**Work instruction:** Provide an exact copy of the data, excluding the images.

**Given records:**
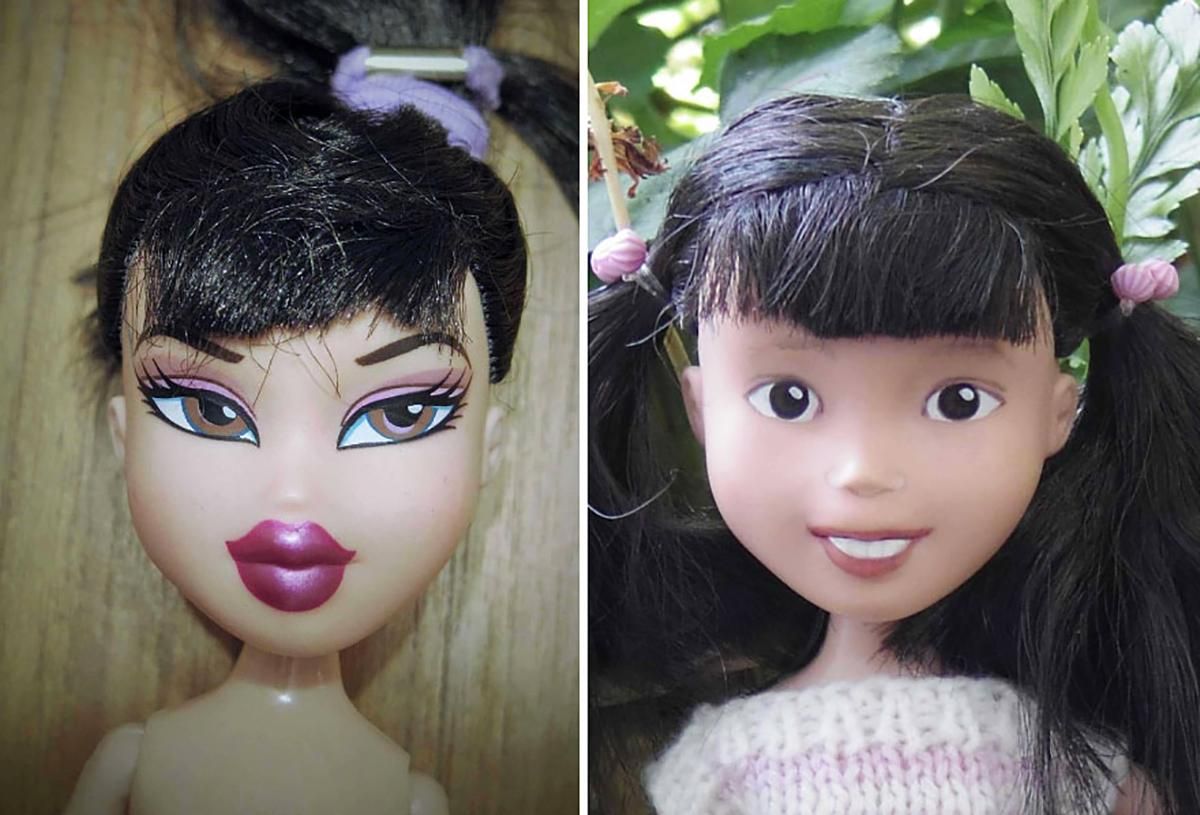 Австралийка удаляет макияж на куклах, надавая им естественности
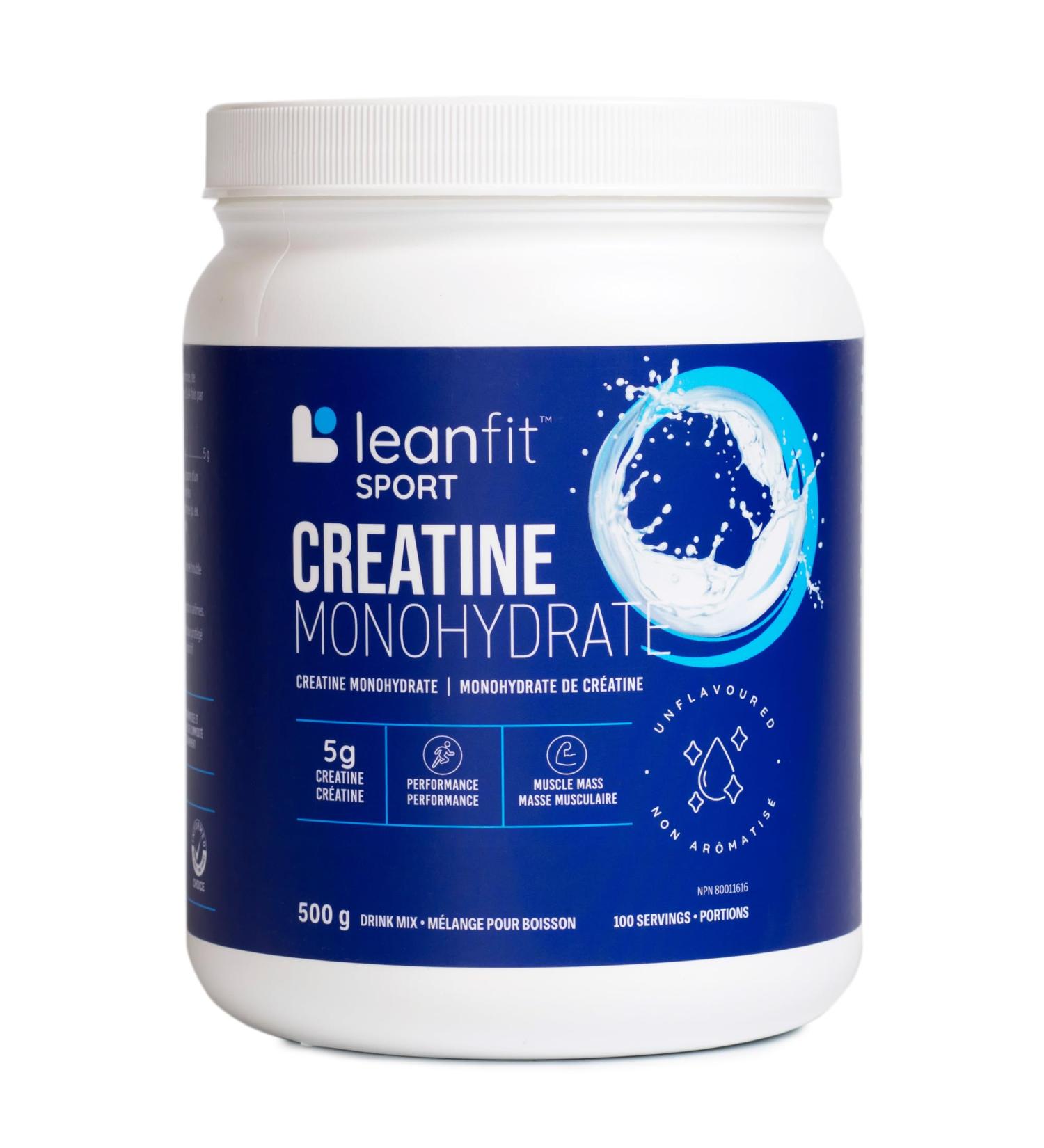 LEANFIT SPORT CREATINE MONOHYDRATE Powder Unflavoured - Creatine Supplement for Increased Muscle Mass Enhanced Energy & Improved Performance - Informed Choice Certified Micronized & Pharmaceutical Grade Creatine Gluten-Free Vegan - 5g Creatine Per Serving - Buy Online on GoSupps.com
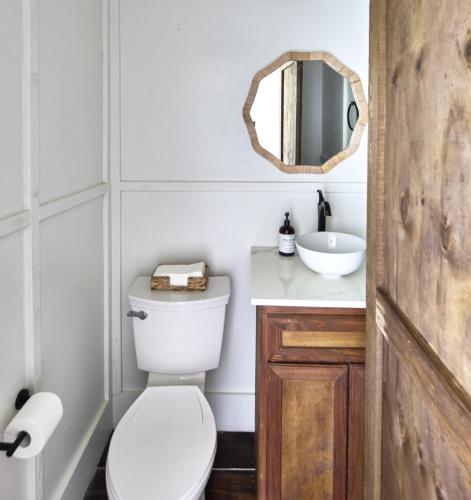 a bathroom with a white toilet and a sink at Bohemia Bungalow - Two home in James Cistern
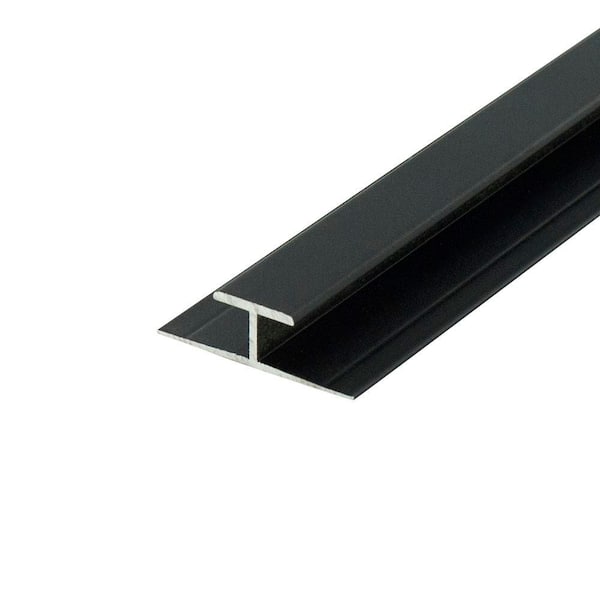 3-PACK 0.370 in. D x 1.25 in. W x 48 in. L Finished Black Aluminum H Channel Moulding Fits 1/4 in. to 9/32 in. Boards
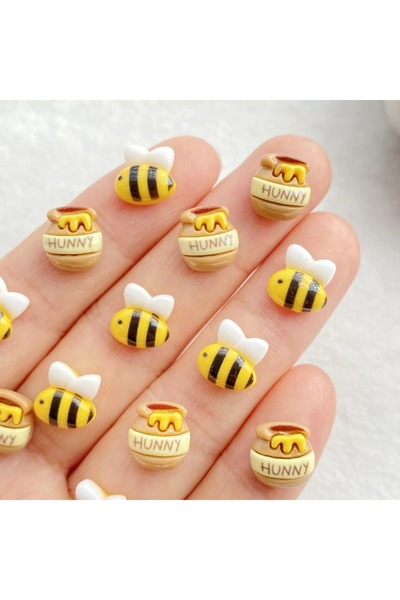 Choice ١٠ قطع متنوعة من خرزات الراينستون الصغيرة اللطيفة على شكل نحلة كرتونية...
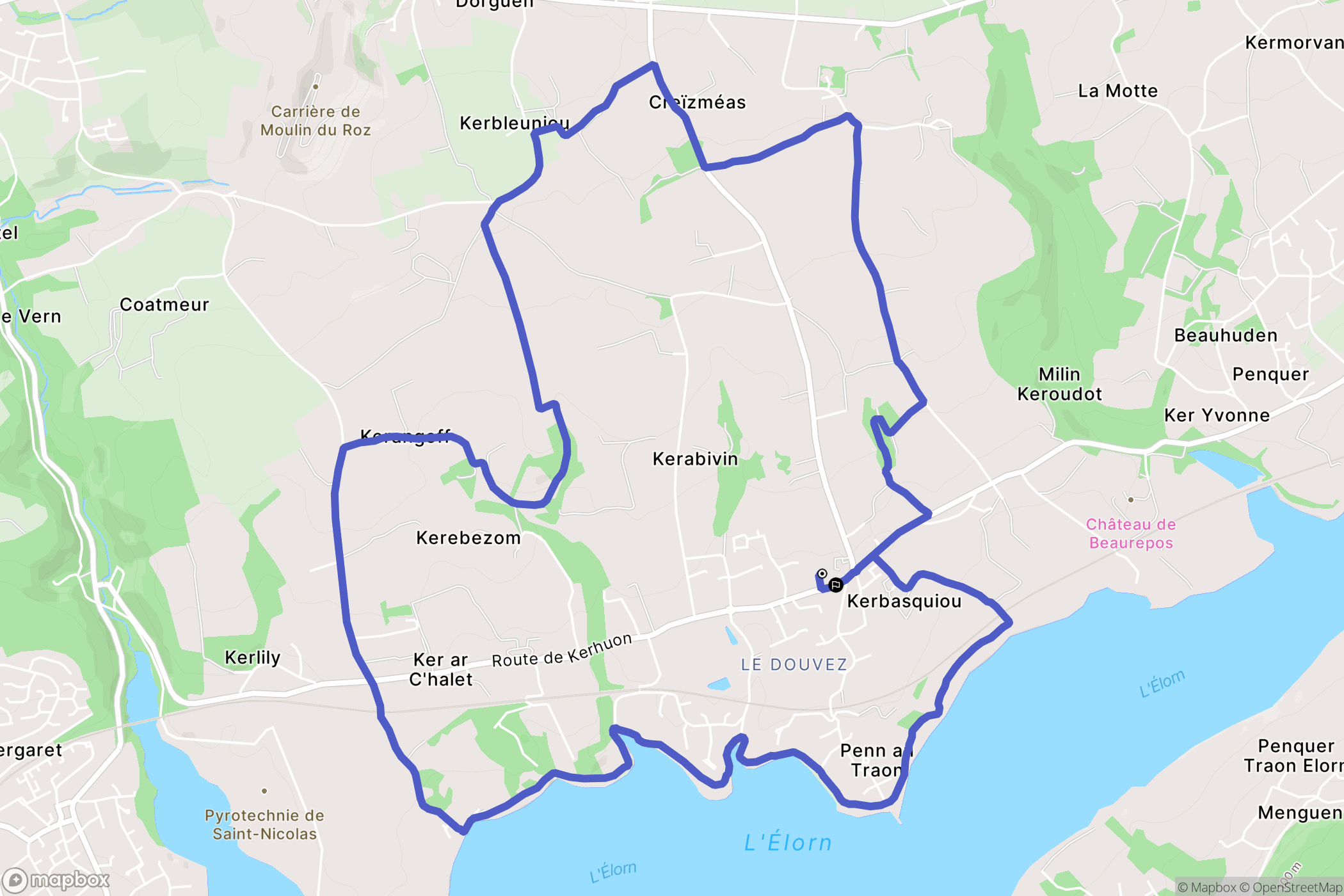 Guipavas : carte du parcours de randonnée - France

**Task solution:**
 Австралийка удаляет макияж на куклах, надавая им естественности
 LEANFIT SPORT CREATINE MONOHYDRATE Powder Unflavoured - Creatine Supplement for Increased Muscle Mass Enhanced Energy & Improved Performance - Informed Choice Certified Micronized & Pharmaceutical Grade Creatine Gluten-Free Vegan - 5g Creatine Per Serving - Buy Online on GoSupps.com
 a bathroom with a white toilet and a sink at Bohemia Bungalow - Two home in James Cistern
 3-PACK 0.370 in. D x 1.25 in. W x 48 in. L Finished Black Aluminum H Channel Moulding Fits 1/4 in. to 9/32 in. Boards
 Choice ١٠ قطع متنوعة من خرزات الراينستون الصغيرة اللطيفة على شكل نحلة كرتونية...
 Guipavas : carte du parcours de randonnée - France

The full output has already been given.